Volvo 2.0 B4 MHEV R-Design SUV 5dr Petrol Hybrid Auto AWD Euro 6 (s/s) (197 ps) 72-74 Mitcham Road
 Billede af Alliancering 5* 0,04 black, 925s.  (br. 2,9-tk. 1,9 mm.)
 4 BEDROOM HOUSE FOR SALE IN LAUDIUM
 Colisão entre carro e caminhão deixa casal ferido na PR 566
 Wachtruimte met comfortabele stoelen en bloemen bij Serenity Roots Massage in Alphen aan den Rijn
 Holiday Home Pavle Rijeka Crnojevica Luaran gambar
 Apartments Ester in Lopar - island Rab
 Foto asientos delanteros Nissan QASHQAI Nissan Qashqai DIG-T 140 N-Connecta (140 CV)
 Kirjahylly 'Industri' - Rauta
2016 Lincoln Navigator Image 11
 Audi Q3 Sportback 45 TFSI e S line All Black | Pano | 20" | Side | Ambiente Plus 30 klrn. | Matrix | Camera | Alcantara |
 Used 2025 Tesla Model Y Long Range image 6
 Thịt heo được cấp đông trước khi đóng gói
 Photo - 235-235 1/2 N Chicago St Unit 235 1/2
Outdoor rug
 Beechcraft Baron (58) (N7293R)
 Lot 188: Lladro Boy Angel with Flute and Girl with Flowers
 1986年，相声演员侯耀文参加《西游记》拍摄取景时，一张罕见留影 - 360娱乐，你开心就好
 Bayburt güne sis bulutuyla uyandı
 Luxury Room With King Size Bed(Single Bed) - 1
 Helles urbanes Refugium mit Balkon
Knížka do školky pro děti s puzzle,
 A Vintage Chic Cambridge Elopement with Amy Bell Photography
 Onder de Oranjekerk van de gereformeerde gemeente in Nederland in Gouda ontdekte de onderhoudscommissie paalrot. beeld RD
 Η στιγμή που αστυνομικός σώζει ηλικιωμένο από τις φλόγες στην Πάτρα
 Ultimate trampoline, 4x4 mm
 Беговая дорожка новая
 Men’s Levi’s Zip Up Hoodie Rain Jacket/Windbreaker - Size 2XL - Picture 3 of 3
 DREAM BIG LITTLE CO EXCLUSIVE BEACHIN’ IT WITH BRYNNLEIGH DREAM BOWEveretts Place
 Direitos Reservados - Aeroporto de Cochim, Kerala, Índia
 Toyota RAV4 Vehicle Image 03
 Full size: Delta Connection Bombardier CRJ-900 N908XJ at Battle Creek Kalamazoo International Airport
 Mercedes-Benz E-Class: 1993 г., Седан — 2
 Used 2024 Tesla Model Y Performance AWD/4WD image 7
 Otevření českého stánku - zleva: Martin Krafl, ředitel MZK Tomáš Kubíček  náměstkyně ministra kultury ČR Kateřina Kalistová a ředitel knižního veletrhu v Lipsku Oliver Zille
+ + + + + + +
Above are records; repeat only the lines starting at the line with "Wachtruimte met comfortabele" and ending at the line with "2016 Lincoln Navigator Image 11", exactly as they appear, both included.

 Wachtruimte met comfortabele stoelen en bloemen bij Serenity Roots Massage in Alphen aan den Rijn
 Holiday Home Pavle Rijeka Crnojevica Luaran gambar
 Apartments Ester in Lopar - island Rab
 Foto asientos delanteros Nissan QASHQAI Nissan Qashqai DIG-T 140 N-Connecta (140 CV)
 Kirjahylly 'Industri' - Rauta
2016 Lincoln Navigator Image 11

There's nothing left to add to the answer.